Clarity: the article is clear and well written, In this aspect the paper is an "accept" for me. (6) Significance: results are significant as they are new and they will generate some impact for practitioners. This is an accept as well (6) Quality: this paper is of high quality, it is clear there is a significant research effort behind. The combination "theoretical results + empirical validation in simple cases" is sensible given the type of paper this is, and the audience. Accept too (6) Originality: This is the item where I tend to reject more than to accept (5). I think it is definitely original, but all the theoretical contributions seem to me a bit marginal: I am very familiar with Bernton et al 2018, the paper that develops the technique (in turn, mainly based on Basseti et al 2006 and Pollard 1980) that is used here. After reading the supplement of this paper I am left with a "deja vu" feeling; some proofs look way too similar to Bernton et al, making me wonder whether they are rather straightforward adaptations. Indeed, It is no surprise all results of Bernton et al hold here too as this is a kind of average of one-dimensional wassersten distances. It is no surprise as well it is possible to establish a distributional limit in the multidimensional case here (unlike Bernton et al), although I think it is a very nice observation. Question for the authors: Does the obtained distributional limit here gives any intuition about what should be the limit in the multidimensional case for the vanilla wasserstein distance?

Reviewer 2


		
The paper is of high quality. It also comes with reasonable clarity. Overall it brings important new analysis to the important topic and the work seems to be original from what I can say.

Reviewer 3


		
***** After Author Response and Reviewer Discussions ***** I have gone through all the other reviews, the meta-reviewer's comment, and the authors' feedback.
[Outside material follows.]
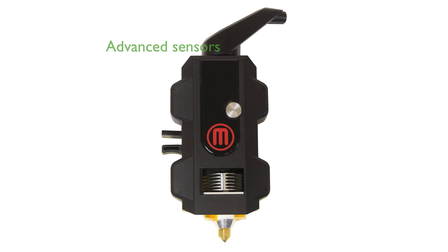Enhanced with an advanced sensor system, the extruder communicates effectively with MakerBot desktop and MakerBot mobile, providing real-time updates and ensuring greater print success.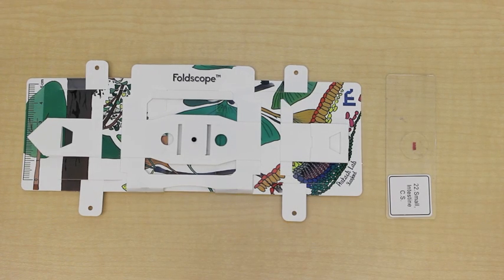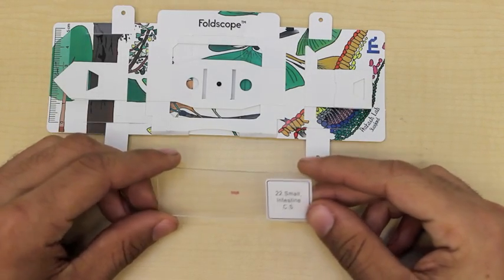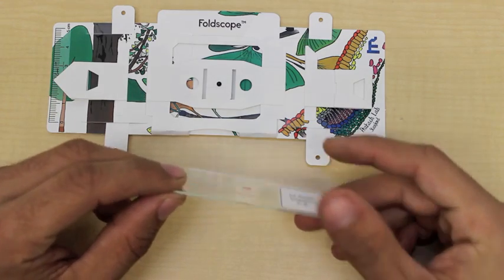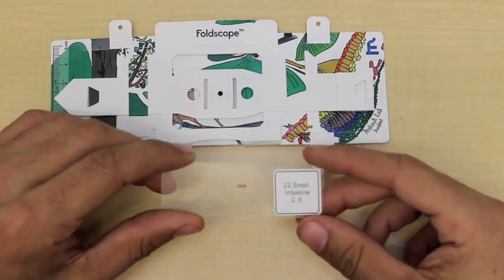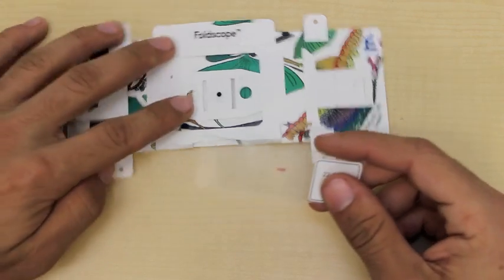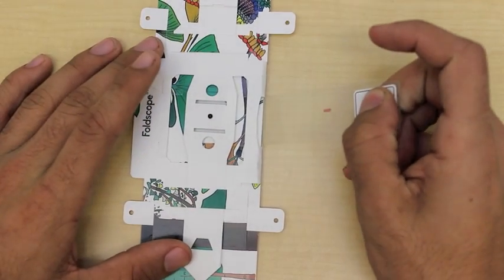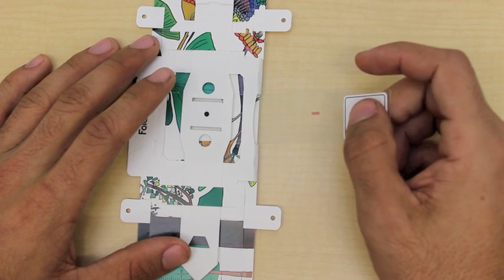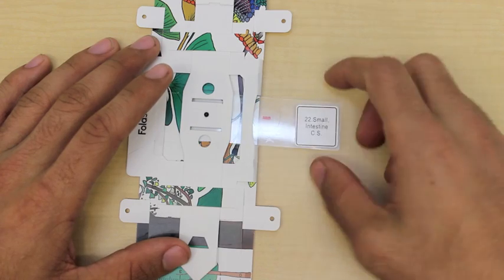The first step to using your Foldscope is inserting the slide. Foldscope accepts standard slides of one inch by three inches and about one millimeter thick, and it can accept glass slides or paper slides that you can make yourself. To insert, we begin by pushing it through the hole at the bottom of the Foldscope. I like to begin at an angle and flatten out as I push in.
I will keep my evaluation unchanged. ********************************************************** *originality: To my best knowledge, the results are original. The methodologies of analysis belong to classical asymptotic statistics, but the problem analyzed is new. *quality: Due to the time constraint I did not go through the proofs. The claim in the abstract is well supported by the theorems. The work appears to be complete. The authors are honest about claiming the strength and weakness of their work. *clarity: The submission is clearly written, well written and of elegant style. Since this is a theoretical paper, the proofs provide enough information for an expert reader to varify the theorems which are the results. *significance: The results are important and significant for understanding the behavior of MSWE and MESWE. This paper is likely to be cited by people working on the application side of these two estimators. The problem is difficult and the authors have provided better analysis than that in literature to my best knowledge. The analysis provided advances the state of the art in a demonstrable way. The analysis is theoretically unique.